When I Become Me is the debut album by Finnish pop/pop rock singer and season one Idols winner Hanna Pakarinen, released in Finland by RCA on June 9, 2004. "Love Is Like A Song", Pakarinen's number one hit Idols coronation song is featured as a bonus track on the album. A cover of the Bryan Adams song "Heaven" is featured on the album.
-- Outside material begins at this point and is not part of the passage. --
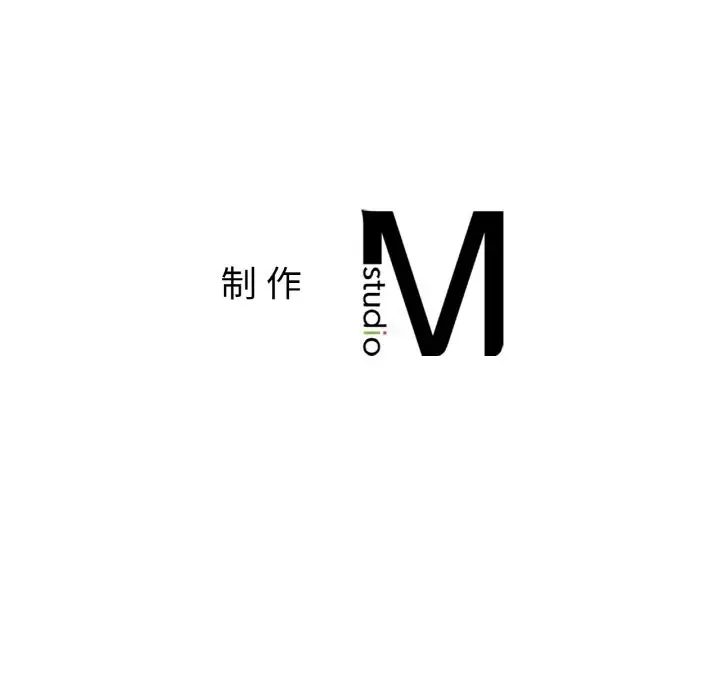 漫画《她才不是我姐姐》第41话第144张图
The album debuted at number two on the Finnish albums chart and spent nine weeks inside the top three positions. In September 2004 it was certified platinum and is to date Pakarinen's highest-selling album with Finnish sales of 52,826 copies.

==Chart performance==
When I Become Me entered the Finnish albums chart at number two in its first week, a position it held for five weeks. It spent a total of seventeen weeks on the chart, nine of which were within the top 3. In its fourth week on the chart it was certified platinum for sales in excess of 30,000.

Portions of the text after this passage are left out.